Ordering based on type of available storage also comes into play, according to Bennett. "The other thing that's tricky is we have to think about what we order that's refrigerated versus what's shelf-stable, so we have to make decisions on what type of milk we order," he says. "If we order small single servings of milk, generally we try to do those shelf-stable, so they have a longer expiration date and we can store them on a rack. If we did milk cartons like you had in school, those take up a lot more space, and you have to have them in a refrigerator. They expire quickly. So you have to make those judgment calls based on what kind of storage you have, and really you have to designate your storage based on what's popular in your fueling station."
Infrastructure and amenities
A space will need adequate plumbing and power to manage the equipment within it. Many fueling stations will feature a three-sink setup, perhaps with rotating brushes and an overhead spray nozzle, for sanitary washing of smoothie-blending components and other dishware, as well as a garbage disposal.

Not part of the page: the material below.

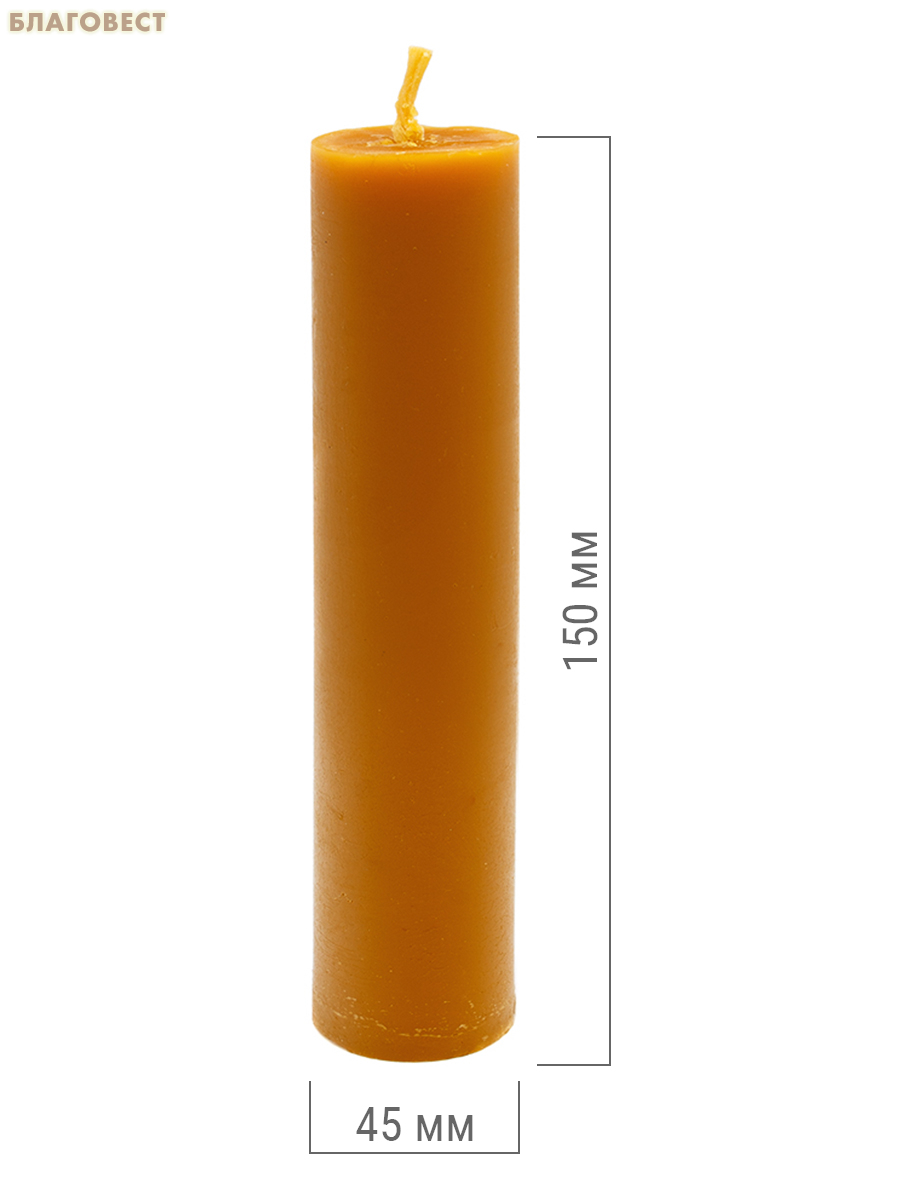 Свеча восковая «Диаконская» (длина 150мм, толщина 45мм)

Some operations will have onsite domestic-grade dishwashers, while others may opt to cart dishes to a nearby kitchen for industrial washing in a fraction of the time. Another product appearing in training table kitchens is the ORCA Digester, which uses microorganisms to eliminate food waste and divert it from landfills.

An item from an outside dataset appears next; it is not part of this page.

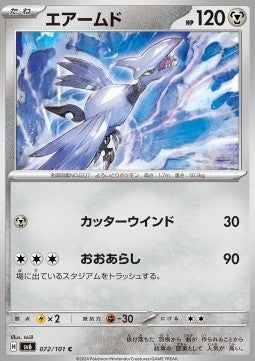 Skarmory - Mask of Change (Common) [sv6-072]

A station may feature more than one type of refrigerator — from glass-fronted coolers containing premade energy drinks or grab-and-go snacks to commercial-grade stainless steel fridges and on down to mini-fridges. Freezing capabilities are a plus for the storage of various fruit options for smoothie blending. The blenders themselves may be integrated, allowing the jar portion to be set into motor mechanisms at counter level for an uncluttered look and easier cleanup.
A fueling station may even include the type of roll-down locking door to secure certain parts of the area during unstaffed hours while still offering access to some snack options. TV monitors may be specified to provide daily menu suggestions and other refueling tips.
On a larger scale, training table kitchens can resemble a restaurant's back-of-house in terms of preparation and cooktop square footage, as well as cubic footage in terms of refrigeration. Some schools have even dedicated space to teaching kitchens, where student-athletes can learn to prepare nutritious food for themselves.
"In addition to all the demands in terms of engaging these athletes, these culturally diverse rosters, over three to five years, multiple meals per day and multiple days per week, we have a volume issue. We have a lot of people going through there," says Nebraska's Ellis, who oversees the service of 1,600 to 1,800 meals per day, more than any restaurant in Lincoln. "If you don't have enough of a kitchen to pull off fresh production, you cook it all at 10 o'clock in the morning and stick it in a hotbox. By the last hour or two, you can bounce the meal off the floor. The athletes will fatigue of that, and they don't deserve that."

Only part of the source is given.